New York Times

March 27, 2012

Health Ruling Hinges on How Justices Frame the Core Issue

WASHINGTON — The Supreme Court on Tuesday is hearing arguments on the central question in the constitutional challenges to President Obama’s health care overhaul law. How it answers the question depends in large part on how the justices decide to frame the core issue.

The law’s challengers — 26 states led by Florida, the National Federation of Independent Business and several individuals — present the central question as one of individual liberty. May the federal government, they ask, compel individuals not engaged in commerce to buy a product, here health insurance, from private companies?

The Obama administration, by contrast, urges the court to answer a different question. May Congress decide, in fashioning a comprehensive response to a national crisis in the health care market, to regulate how people pay for the health care they will almost inevitably need?

However the questions are ultimately framed, the Supreme Court’s answers will be grounded in the text of two provisions of the Constitution and in the precedents interpreting them.

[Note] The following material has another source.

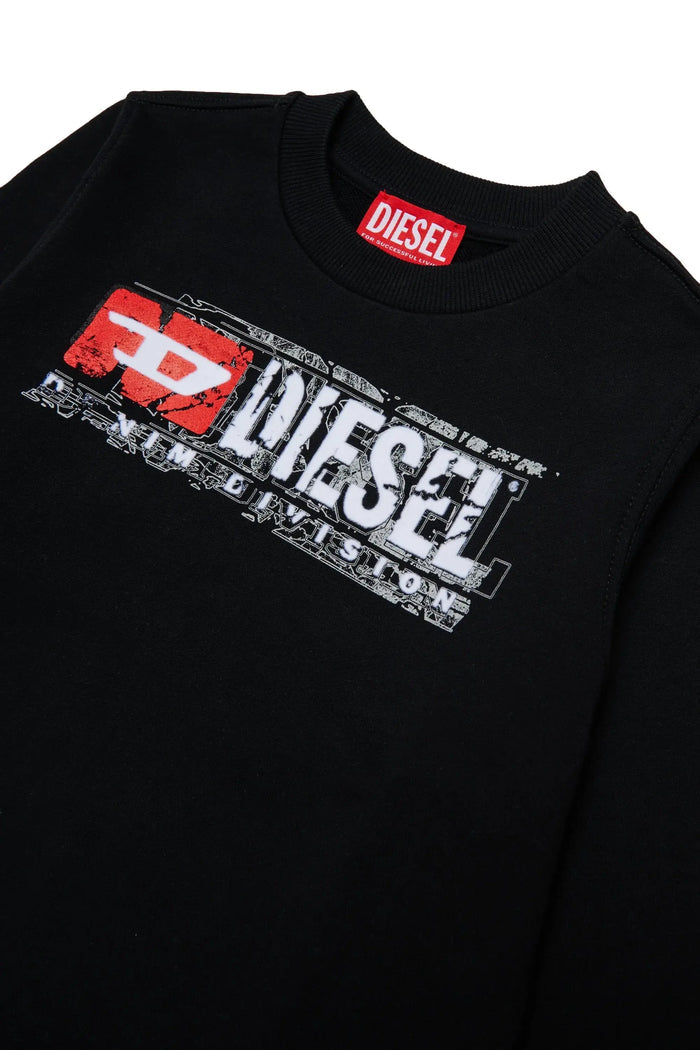 Sweatshirt with distressed-effect logo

The Constitution grants the federal government specified powers, reserving the rest to the states and to the people. The two powers at issue in the case, set out in Article I, Section 8, concern the regulation of interstate commerce and the imposition of taxes.

The administration’s primary argument is that the law is authorized by the commerce clause, which gives Congress the power to regulate commerce “among the several states.” The Supreme Court has read the clause broadly, saying it allows Congress to limit how much wheat may be grown on a family farm and to punish the cultivation of home-grown marijuana.

There have been only two modern exceptions to that broad interpretation. In 1995, the court struck down a federal law regulating guns near schools. In 2000, it struck down a federal law allowing suits over violence against women. In both cases, the court said the activity sought to be regulated was local and noncommercial.

The decision under review, from the United States Court of Appeals for the 11th Circuit, in Atlanta, said the health care law overstepped the limits imposed by the commerce clause by regulating inactivity and forcing people into the marketplace.

In his main brief, Solicitor General Donald B. Verrilli Jr. urged the justices to look at the bigger picture.

“The minimum coverage provision,” he wrote, using the law’s name for what most people call the individual mandate, “is within Congress’s power to enact not only because it is a necessary component of a broader scheme of interstate regulation, but also because, within that scheme, the provision itself regulates economic conduct with a substantial effect on interstate commerce, namely the way in which individuals finance their participation in the health care market.”

Uninsured Americans each year use $43 billion of health care they cannot pay for, effectively transferring those costs to other American families to the tune of about $1,000 per year, Mr. Verrilli said.

In response, Paul D. Clement, representing 26 states challenging the law, said this conception of federal power amounts to “a revolution in the relationship between the central government and the governed.”

“If this is to remain a system of limited and enumerated federal powers that respects individual liberty, accountability and the residual dignity and sovereignty of the states, the individual mandate cannot stand.”

The federal government also argued that the mandate is separately authorized by Congress’s power to levy taxes. The penalty that people who fail to obtain insurance must pay is calculated as a percentage of their income and is paid to the Internal Revenue Service along with income and other taxes each April.

Mr. Clement responded that the challenge is to the mandate, which applies to almost all Americans, rather than the penalty, which applies to a subset of them. In any event, he said, a penalty is not a tax.